Transcribe the records word for word, beginning with the first line and ending with the line that contains "12 West Heights"; include nothing else.

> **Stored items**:
▽
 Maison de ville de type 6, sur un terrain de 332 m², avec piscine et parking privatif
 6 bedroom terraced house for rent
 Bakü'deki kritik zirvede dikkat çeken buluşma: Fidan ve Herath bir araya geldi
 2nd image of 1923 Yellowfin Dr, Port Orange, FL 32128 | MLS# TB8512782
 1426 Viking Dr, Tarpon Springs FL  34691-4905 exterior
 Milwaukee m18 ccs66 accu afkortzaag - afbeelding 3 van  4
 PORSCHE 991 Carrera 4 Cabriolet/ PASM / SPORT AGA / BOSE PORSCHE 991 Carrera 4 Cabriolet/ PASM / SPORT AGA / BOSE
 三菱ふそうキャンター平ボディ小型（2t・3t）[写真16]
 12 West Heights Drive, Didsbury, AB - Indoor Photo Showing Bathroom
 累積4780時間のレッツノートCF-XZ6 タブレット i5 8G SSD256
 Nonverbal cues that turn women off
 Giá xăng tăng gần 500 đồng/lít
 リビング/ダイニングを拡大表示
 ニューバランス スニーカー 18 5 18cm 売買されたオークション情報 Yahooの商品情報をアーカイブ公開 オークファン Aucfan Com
△
> **Exercise result**:
 Maison de ville de type 6, sur un terrain de 332 m², avec piscine et parking privatif
 6 bedroom terraced house for rent
 Bakü'deki kritik zirvede dikkat çeken buluşma: Fidan ve Herath bir araya geldi
 2nd image of 1923 Yellowfin Dr, Port Orange, FL 32128 | MLS# TB8512782
 1426 Viking Dr, Tarpon Springs FL  34691-4905 exterior
 Milwaukee m18 ccs66 accu afkortzaag - afbeelding 3 van  4
 PORSCHE 991 Carrera 4 Cabriolet/ PASM / SPORT AGA / BOSE PORSCHE 991 Carrera 4 Cabriolet/ PASM / SPORT AGA / BOSE
 三菱ふそうキャンター平ボディ小型（2t・3t）[写真16]
 12 West Heights Drive, Didsbury, AB - Indoor Photo Showing Bathroom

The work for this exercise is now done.